Dessa forma, verifica-se que os fundamentos apresentados pelo Magistrado sentenciante estão alinhados com o entendimento desta Turma Recursal, motivo pelo qual mantenho a sentença de procedência em parte por seus próprios fundamentos, nos termos do artigo 46 da Lei 9099/1995, de irretorquível constitucionalidade conforme reconhecido pela Supre Corte:
"EMENTA: EMBARGOS DE DECLARAÇÃO NO AGRAVO DE INSTRUMENTO. CONVERSÃO EM AGRAVO REGIMENTAL. INDENIZAÇÃO. AGRAVO REGIMENTAL AO QUAL SE NEGA PROVIMENTO. 1. Indenização. Impossibilidade da análise da legislação infraconstitucional e do reexame de provas (Súmula 279). 2. Competência dos Juizados Especiais. Complexidade da matéria. Controvérsia infraconstitucional. Precedentes. 3. Turma Recursal. Sentença mantida por seus próprios fundamentos. Inexistência de afronta ao art. 93, inc. IX, da Constituição da República. 4. Decisão de Ministro que determina a subida de recurso extraordinário para melhor exame não vincula outros Ministros do Supremo Tribunal Federal. A Turma converteu os embargos de declaração no agravo de instrumento em agravo regimental no agravo de instrumento, mas lhe negou provimento, nos termos do voto da Relatora. Unânime. Presidiu o julgamento o Ministro Ricardo Lewandowski. Ausente, justificadamente, o Ministro Marco Aurélio, Presidente.

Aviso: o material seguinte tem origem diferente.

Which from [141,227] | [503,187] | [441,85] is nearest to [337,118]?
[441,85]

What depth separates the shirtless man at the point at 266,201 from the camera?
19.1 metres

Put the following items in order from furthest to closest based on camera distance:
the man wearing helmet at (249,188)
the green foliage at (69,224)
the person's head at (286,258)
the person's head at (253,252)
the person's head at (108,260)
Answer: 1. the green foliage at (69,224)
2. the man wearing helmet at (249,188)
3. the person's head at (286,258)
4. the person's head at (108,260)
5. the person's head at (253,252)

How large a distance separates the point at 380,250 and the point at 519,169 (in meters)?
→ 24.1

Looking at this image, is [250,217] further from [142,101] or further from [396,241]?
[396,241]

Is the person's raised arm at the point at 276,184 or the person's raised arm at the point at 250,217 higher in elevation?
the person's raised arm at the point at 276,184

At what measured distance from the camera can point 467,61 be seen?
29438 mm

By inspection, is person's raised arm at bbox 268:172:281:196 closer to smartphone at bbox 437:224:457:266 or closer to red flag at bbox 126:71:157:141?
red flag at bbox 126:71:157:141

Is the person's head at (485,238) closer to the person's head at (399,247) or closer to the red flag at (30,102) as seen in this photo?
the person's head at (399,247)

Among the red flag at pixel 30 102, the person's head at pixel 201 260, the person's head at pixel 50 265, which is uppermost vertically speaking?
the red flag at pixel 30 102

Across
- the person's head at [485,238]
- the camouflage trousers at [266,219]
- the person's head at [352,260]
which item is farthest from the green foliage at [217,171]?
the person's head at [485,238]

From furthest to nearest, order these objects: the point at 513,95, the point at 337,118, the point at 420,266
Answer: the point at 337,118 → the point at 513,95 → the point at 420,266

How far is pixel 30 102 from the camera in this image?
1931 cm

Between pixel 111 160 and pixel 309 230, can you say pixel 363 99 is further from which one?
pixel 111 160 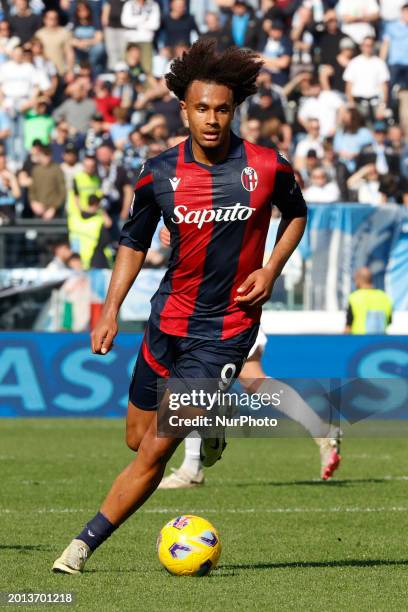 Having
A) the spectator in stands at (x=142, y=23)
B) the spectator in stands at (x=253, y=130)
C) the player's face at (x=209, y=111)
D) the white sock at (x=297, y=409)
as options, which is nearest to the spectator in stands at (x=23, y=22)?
the spectator in stands at (x=142, y=23)

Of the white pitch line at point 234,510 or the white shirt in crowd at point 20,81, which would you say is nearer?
the white pitch line at point 234,510

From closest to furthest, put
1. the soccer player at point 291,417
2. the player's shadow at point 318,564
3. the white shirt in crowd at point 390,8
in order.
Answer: the player's shadow at point 318,564 < the soccer player at point 291,417 < the white shirt in crowd at point 390,8

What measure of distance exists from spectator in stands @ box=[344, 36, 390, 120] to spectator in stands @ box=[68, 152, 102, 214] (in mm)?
4670

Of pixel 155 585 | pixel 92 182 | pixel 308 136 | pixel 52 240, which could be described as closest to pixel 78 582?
pixel 155 585

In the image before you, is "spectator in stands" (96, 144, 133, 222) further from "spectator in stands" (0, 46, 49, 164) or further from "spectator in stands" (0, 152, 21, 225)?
"spectator in stands" (0, 46, 49, 164)

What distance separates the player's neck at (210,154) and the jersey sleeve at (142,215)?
9.3 inches

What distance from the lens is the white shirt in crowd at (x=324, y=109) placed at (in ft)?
73.5

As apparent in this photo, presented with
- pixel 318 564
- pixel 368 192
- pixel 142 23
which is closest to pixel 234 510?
pixel 318 564

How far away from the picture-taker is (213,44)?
6684 millimetres

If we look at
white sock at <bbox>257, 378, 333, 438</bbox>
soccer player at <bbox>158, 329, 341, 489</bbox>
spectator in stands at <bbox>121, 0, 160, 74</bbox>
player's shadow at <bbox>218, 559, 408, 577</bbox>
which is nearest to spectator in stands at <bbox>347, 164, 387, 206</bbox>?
spectator in stands at <bbox>121, 0, 160, 74</bbox>

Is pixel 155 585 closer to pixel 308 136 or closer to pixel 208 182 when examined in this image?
pixel 208 182

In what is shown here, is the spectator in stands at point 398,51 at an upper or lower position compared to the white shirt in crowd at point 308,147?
upper

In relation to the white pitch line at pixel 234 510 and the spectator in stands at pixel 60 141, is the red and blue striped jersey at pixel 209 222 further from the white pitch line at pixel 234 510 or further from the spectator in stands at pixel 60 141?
the spectator in stands at pixel 60 141

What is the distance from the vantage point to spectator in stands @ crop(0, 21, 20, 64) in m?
23.5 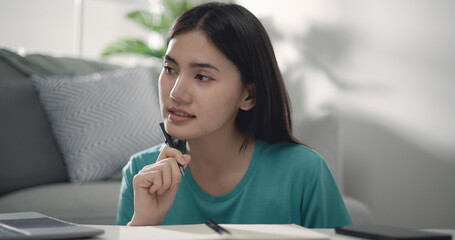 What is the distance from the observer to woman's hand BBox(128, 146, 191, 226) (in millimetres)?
1021

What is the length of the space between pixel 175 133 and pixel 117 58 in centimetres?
322

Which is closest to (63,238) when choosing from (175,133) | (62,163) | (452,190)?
(175,133)

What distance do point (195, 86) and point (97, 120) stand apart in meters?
1.06

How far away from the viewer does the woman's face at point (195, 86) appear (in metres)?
1.13

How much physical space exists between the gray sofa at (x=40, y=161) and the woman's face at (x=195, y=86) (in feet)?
2.50

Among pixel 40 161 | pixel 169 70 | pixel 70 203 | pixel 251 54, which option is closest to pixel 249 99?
pixel 251 54

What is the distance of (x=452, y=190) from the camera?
1.91 metres

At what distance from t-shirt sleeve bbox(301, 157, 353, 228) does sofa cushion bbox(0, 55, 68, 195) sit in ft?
4.13

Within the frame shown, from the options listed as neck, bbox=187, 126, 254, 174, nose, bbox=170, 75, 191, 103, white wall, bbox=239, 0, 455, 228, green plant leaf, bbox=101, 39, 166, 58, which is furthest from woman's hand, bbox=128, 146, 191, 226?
green plant leaf, bbox=101, 39, 166, 58

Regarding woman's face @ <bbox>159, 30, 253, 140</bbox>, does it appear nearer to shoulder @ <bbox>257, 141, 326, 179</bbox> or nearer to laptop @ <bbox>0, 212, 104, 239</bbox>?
shoulder @ <bbox>257, 141, 326, 179</bbox>

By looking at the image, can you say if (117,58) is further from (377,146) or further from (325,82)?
(377,146)

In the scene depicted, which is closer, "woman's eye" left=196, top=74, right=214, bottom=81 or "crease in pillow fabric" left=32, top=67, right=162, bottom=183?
"woman's eye" left=196, top=74, right=214, bottom=81

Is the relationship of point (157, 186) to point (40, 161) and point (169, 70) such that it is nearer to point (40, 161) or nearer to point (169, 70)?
point (169, 70)

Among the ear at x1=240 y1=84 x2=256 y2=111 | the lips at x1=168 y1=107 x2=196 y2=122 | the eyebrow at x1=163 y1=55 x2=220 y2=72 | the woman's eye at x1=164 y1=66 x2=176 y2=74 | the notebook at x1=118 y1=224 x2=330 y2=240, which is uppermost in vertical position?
the eyebrow at x1=163 y1=55 x2=220 y2=72
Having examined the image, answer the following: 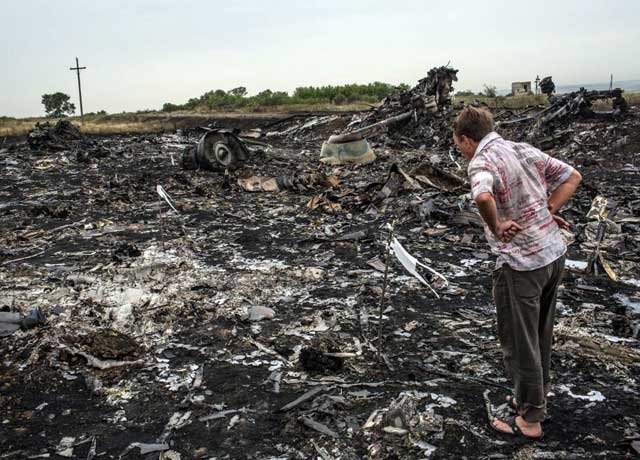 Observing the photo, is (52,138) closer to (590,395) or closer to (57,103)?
(590,395)

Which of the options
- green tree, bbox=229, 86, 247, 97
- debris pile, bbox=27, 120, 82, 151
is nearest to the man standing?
debris pile, bbox=27, 120, 82, 151

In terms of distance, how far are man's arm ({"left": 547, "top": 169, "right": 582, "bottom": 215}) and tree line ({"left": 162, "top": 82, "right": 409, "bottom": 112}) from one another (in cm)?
3702

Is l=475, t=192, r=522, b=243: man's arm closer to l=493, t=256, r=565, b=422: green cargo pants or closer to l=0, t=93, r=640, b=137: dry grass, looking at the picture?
l=493, t=256, r=565, b=422: green cargo pants

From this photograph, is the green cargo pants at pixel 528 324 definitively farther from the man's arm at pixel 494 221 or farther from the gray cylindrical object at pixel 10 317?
the gray cylindrical object at pixel 10 317

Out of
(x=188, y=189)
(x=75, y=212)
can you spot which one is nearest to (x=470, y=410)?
(x=75, y=212)

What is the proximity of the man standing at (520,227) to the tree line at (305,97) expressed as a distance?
121ft

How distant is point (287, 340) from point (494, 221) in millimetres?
2525

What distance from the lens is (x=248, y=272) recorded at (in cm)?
A: 646

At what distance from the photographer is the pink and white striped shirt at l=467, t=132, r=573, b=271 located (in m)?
2.69

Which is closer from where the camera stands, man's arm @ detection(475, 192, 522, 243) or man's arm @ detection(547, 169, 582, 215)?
man's arm @ detection(475, 192, 522, 243)

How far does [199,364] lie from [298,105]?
117ft

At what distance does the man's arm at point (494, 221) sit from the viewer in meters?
2.58

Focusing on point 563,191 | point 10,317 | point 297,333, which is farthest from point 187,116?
point 563,191

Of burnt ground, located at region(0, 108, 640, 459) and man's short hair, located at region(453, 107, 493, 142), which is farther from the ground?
man's short hair, located at region(453, 107, 493, 142) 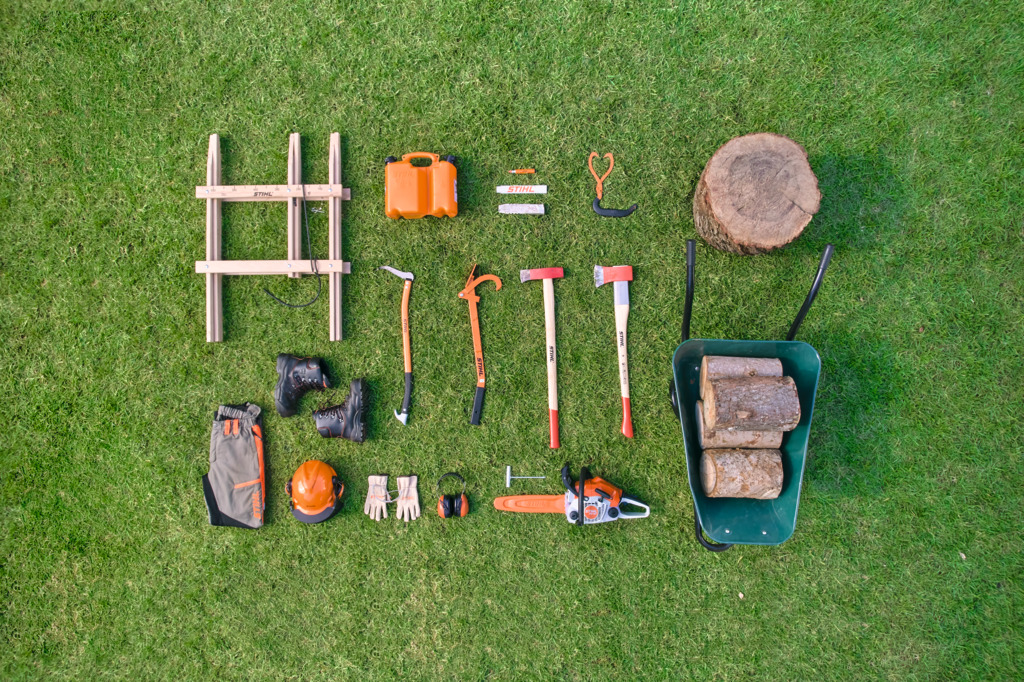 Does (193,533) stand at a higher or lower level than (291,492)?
lower

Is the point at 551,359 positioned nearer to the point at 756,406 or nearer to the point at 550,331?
the point at 550,331

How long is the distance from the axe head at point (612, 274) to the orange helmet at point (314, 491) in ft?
7.64

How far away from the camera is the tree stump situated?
9.46 feet

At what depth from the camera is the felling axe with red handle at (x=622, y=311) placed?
11.4 ft

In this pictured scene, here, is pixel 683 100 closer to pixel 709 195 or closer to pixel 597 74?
pixel 597 74

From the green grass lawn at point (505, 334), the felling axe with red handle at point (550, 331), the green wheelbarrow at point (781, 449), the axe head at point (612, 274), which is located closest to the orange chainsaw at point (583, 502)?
the green grass lawn at point (505, 334)

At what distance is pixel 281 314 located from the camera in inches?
143

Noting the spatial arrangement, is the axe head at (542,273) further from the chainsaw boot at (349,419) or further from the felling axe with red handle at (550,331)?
the chainsaw boot at (349,419)

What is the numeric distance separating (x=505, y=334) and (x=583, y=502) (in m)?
1.27

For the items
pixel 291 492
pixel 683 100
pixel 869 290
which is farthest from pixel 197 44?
pixel 869 290

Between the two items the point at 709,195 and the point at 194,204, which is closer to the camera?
the point at 709,195

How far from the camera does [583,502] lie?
3264mm

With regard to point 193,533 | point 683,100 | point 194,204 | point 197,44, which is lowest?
point 193,533

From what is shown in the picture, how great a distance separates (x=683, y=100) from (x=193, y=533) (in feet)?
15.6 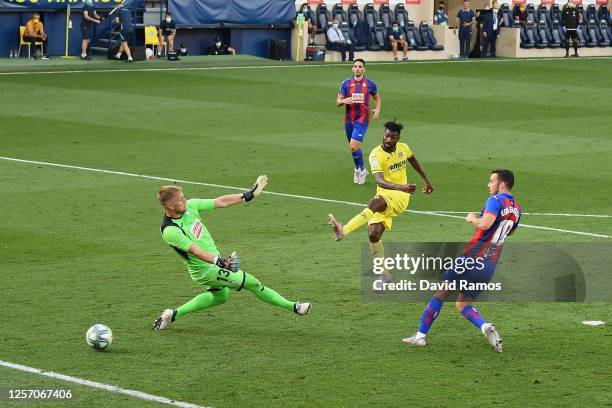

Não participou, justificadamente, deste julgamento o Ministro Carlos Britto. 1ª. Turma, 27.11.2007."
(AI-ED - EMB.DECL.NO AGRAVO DE INSTRUMENTO null, CÁRMEN LÚCIA, STF.)
Ante o exposto, conheço do recurso cível e nego-lhe provimento, nos termos da fundamentação acima apresentada.
Condeno a recorrente vencida ao pagamento de honorários advocatícios sucumbenciais, em favor do recorrido, fixados em 10% do valor atribuído à causa, suspendendo-lhe a exigibilidade na forma do Artigo 98, caput e §3º do Código de Processo Civil de 2015.
Submeto a presente decisão a REFERENDO DA TURMA. Certificado o trânsito em julgado, dê-se baixa na distribuição e encaminhem-se os autos ao Juizado de origem.
ACÓRDÃO
Acordam os membros da 2ª Turma Recursal dos Juizados Especiais Federais do Rio de Janeiro, por unanimidade, referendar a decisão supra. Votaram com o relator, Juiz Federal LUIZ CLAUDIO FLORES DA CUNHA, os Juízes Federais CLEYDE MUNIZ DA SILVA CARVALHO E RAFAEL ASSIS ALVES.